▸ **Records for processing**:
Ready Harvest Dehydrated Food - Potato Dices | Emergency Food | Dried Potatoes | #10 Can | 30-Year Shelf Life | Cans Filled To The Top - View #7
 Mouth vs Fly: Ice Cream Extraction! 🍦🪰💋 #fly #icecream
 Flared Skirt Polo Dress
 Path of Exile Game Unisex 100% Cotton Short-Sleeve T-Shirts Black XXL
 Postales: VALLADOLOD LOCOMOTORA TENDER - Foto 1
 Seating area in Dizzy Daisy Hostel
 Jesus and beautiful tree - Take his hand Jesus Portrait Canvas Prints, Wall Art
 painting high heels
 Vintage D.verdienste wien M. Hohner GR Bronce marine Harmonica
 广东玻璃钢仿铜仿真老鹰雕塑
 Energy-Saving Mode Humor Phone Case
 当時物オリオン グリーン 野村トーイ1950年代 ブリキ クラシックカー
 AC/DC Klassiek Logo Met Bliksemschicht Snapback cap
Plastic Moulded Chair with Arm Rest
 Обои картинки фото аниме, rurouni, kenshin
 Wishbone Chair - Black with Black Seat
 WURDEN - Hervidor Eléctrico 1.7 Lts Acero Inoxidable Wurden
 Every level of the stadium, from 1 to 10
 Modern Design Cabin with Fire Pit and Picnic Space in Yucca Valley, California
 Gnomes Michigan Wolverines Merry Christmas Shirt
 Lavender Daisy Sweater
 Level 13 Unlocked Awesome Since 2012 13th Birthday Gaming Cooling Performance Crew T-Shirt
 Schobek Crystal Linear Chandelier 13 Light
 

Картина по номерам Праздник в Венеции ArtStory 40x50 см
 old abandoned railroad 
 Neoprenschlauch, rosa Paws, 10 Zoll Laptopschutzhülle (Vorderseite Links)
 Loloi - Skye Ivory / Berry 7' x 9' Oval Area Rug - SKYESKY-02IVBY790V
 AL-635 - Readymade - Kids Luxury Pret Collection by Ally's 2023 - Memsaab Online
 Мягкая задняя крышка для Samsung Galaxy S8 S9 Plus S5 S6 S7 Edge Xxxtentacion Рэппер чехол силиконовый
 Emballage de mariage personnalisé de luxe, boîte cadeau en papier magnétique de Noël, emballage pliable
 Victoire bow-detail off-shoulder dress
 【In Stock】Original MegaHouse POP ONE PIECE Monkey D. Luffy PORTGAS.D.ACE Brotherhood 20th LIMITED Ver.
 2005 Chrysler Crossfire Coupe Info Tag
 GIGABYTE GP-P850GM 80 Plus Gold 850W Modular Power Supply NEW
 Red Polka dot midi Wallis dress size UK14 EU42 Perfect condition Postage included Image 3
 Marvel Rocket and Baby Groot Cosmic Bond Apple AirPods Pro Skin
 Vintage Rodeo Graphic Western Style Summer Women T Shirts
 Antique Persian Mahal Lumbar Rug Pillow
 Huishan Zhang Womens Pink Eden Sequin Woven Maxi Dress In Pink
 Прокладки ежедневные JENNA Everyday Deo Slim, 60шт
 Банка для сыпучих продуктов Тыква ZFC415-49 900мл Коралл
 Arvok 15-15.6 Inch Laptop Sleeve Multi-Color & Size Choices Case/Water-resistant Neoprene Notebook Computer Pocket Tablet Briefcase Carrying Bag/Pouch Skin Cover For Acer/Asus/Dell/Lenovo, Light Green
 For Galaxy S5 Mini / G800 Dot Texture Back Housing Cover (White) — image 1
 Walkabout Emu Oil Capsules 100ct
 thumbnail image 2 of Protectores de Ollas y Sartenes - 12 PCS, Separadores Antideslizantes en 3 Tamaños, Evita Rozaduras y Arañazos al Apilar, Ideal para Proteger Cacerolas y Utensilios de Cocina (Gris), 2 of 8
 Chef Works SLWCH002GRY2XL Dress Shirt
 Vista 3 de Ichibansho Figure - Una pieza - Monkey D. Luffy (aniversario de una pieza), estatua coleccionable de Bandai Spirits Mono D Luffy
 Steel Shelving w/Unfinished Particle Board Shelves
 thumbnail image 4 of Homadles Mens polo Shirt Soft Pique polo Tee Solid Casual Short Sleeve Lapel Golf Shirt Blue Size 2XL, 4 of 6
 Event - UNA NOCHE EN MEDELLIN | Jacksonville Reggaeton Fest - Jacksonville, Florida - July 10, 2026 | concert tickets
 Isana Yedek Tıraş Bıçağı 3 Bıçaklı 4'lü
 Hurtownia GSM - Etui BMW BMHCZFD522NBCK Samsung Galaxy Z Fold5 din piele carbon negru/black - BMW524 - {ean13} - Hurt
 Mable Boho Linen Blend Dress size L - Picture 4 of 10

▸ **Problem requirements**:
Start at the line containing "Hurtownia GSM - Etui" and return each line up to and including the last line of the material.

▸ **Written answer**:
 Hurtownia GSM - Etui BMW BMHCZFD522NBCK Samsung Galaxy Z Fold5 din piele carbon negru/black - BMW524 - {ean13} - Hurt
 Mable Boho Linen Blend Dress size L - Picture 4 of 10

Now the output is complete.